== INPUT DATA ==

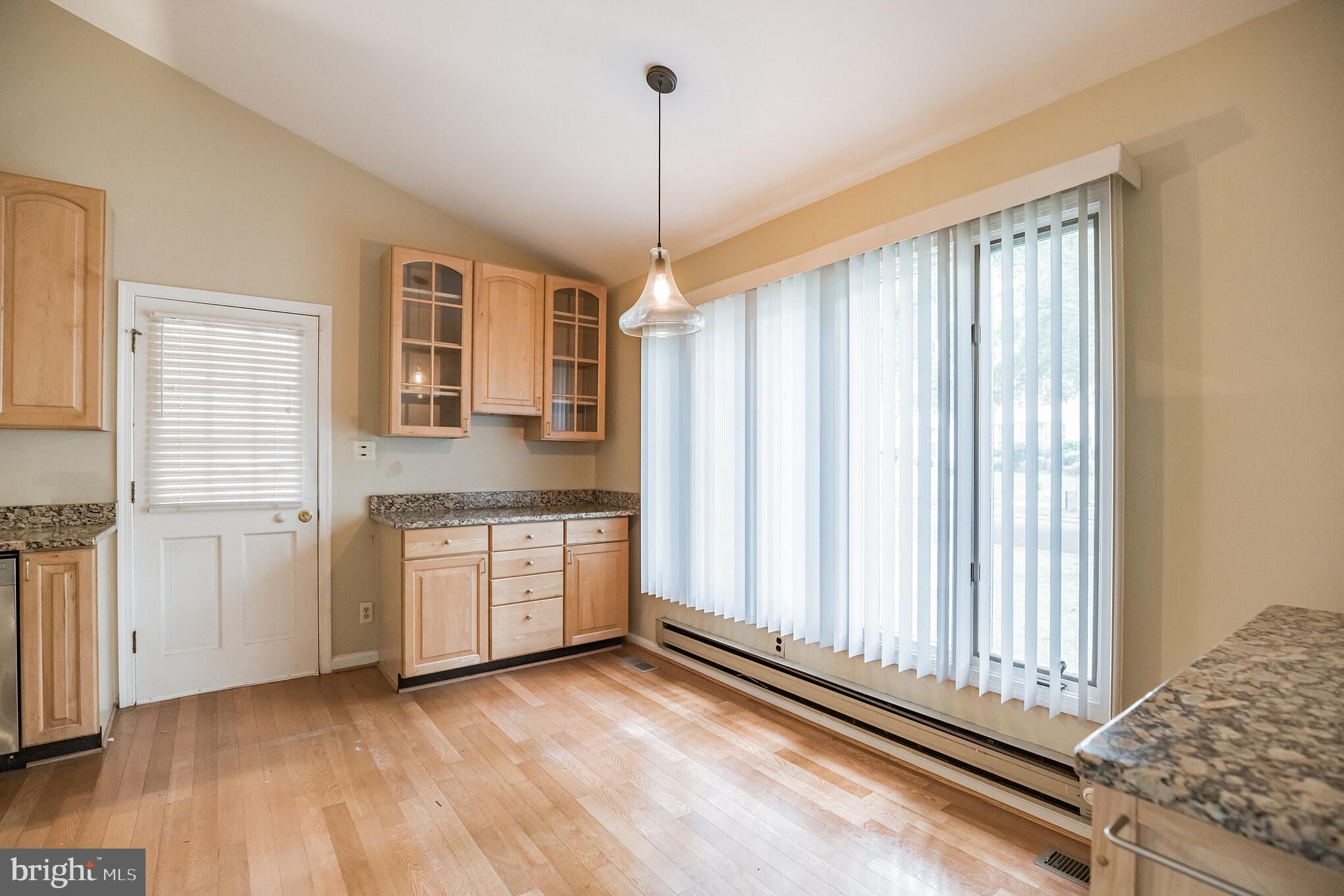 9304 Locksley Road Fort Washington, MD 20744 - Photo 4 of 31 Gallery Image 4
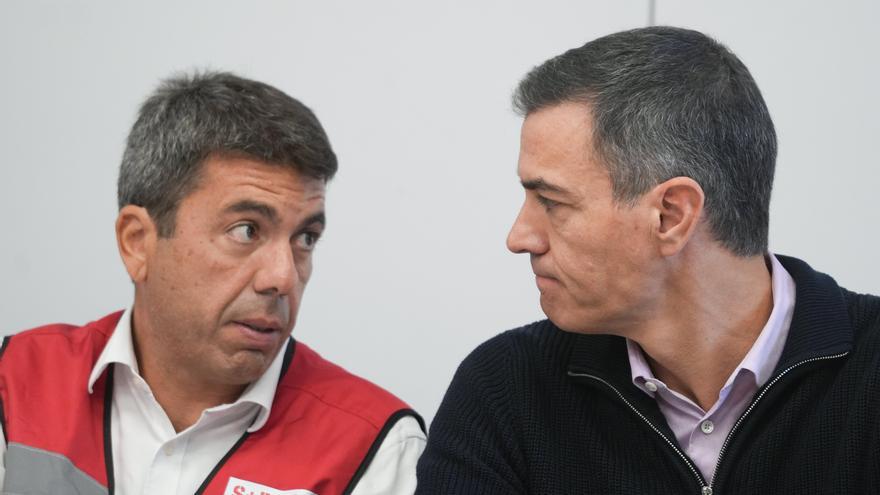 Pedro Sánchez junto al presidente Mazón este jueves en Valencia.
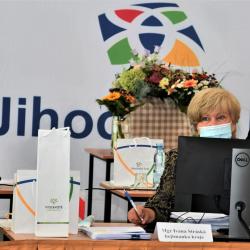 Poslední zasedání Zastupitelstva Jihočeského kraje za uplynulé volební období 2016 až 2020 se konalo ve čtvrtek 24. září z bezpečnostních důvodu kvůli koronavirové pandemii v Pavilonu T1 na českobudějovickém výstavišti. 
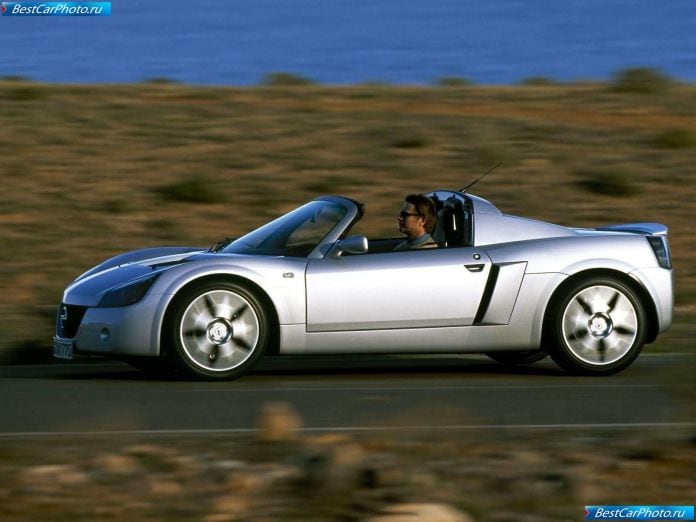 2003 Opel Speedster Turbo - фотография 12 из 16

===

Please print the span that begins at the line holding "Pedro Sánchez junto" and ends at the last line of the data, both ends included, with no pictures.

 Pedro Sánchez junto al presidente Mazón este jueves en Valencia.
 Poslední zasedání Zastupitelstva Jihočeského kraje za uplynulé volební období 2016 až 2020 se konalo ve čtvrtek 24. září z bezpečnostních důvodu kvůli koronavirové pandemii v Pavilonu T1 na českobudějovickém výstavišti. 
 2003 Opel Speedster Turbo - фотография 12 из 16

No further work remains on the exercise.